96 Hatchlings Race to the Sea

March 20, 2013 | By wildlife@dmin

The olive ridley sea turtle is considered to be one of the most abundant sea turtles; however, due to a significant loss in nesting sites and its population, it is now considered endangered. Therefore, a small team from Wildlife SOS put together a project to see what could be done to help the turtle successfully produce hatchlings.

The program was launched in North Kerala by a team led by Mavish Kumar.  Kumar has broad experience working with and rescuing reptiles.  For the last 16 years he has been helping the Kerala forest department both with its anti-poaching efforts and with rescuing and releasing reptiles.  To date he has rescued 3 king cobras, 3934 cobras, 554 vipers, 43 saws scaled vipers, 903 pythons and 777 other non-poisonous snakes.  In 2012, Kumar was honored for his lifesaving efforts with the Kerala Forest Department’s 2012- Best Reptile Rescuer Award.
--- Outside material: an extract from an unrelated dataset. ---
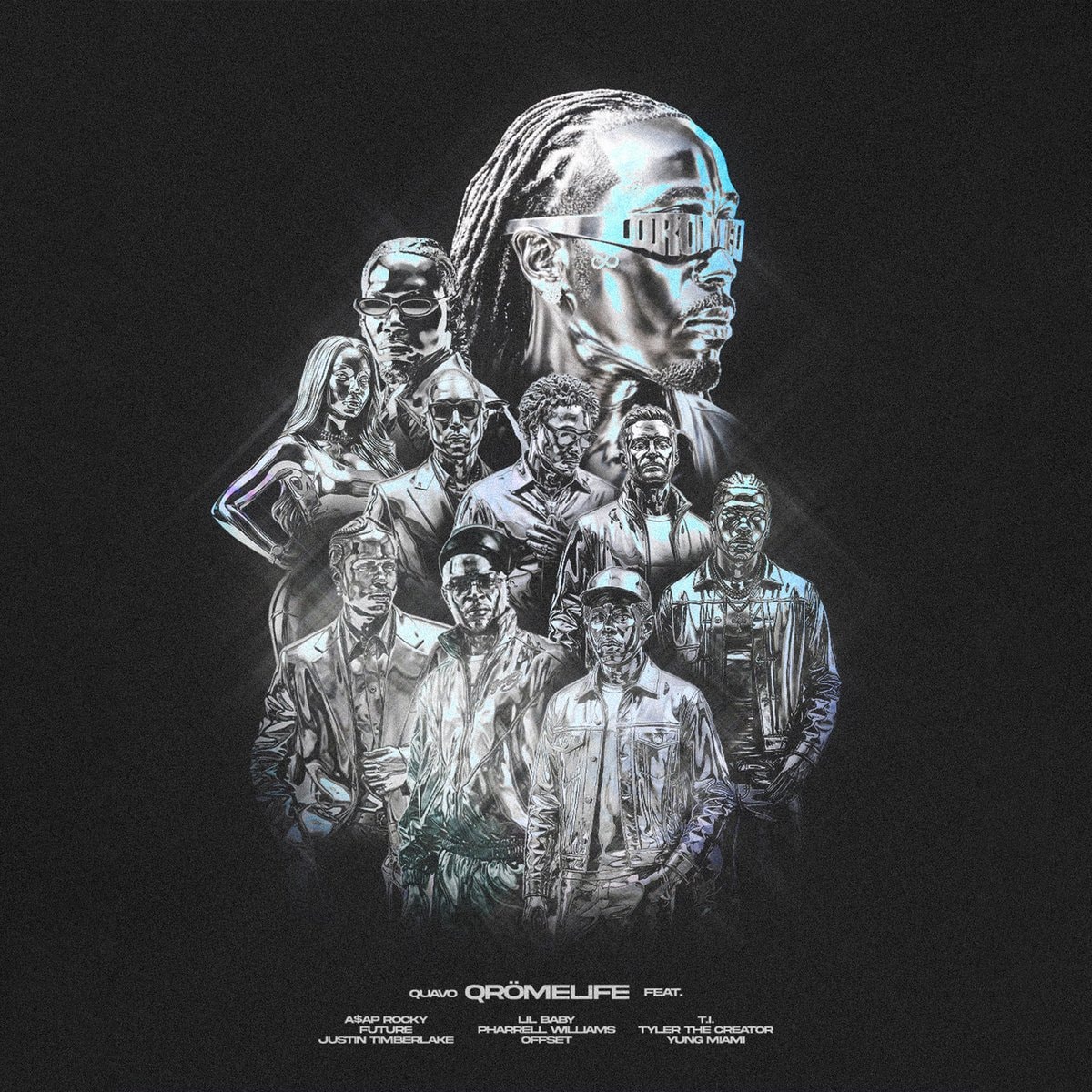Quavo QRÖMELIFE Tracklist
This is the first year that Wildlife SOS worked on the Olive Ridley Conservation Project.  It began just after the New Year on January 2.  Mavish Kumar noticed a turtle nest within the high tide line.  He had the team build a sand bag wall consisting of three layers of sand bags (20 in each layer) around the nest to protect it from the rough seas and high tide.  They also constructed a net fence around the nest.  They then cleaned the area half a meter deep and two meters wide to protect the eggs from fungal infections.   Kumar notes, “This is the first time this cleansing process has been used in India.”  They did all of this without disturbing the eggs.  Then they waited and monitored.

Their diligence and patience was rewarded on day 47 when there were 4 hatchlings and on day 48 there were an additional 92.  That made for 96 hatchlings in all from the one nest.  All 96 were released on February 20 at 10:25 pm.  Mavish Kumar states, “I am thrilled with the success of this project.  Usually we would transfer the eggs in these environmental conditions.  However, it is great to be able to use a methodology that leaves the eggs in the original nest.  We can protect the olive ridley sea turtles, but it will be a long term effort consisting of team work, beach nourishment and awareness programs.  With the release of these 96 hatchlings, we have a promising start.”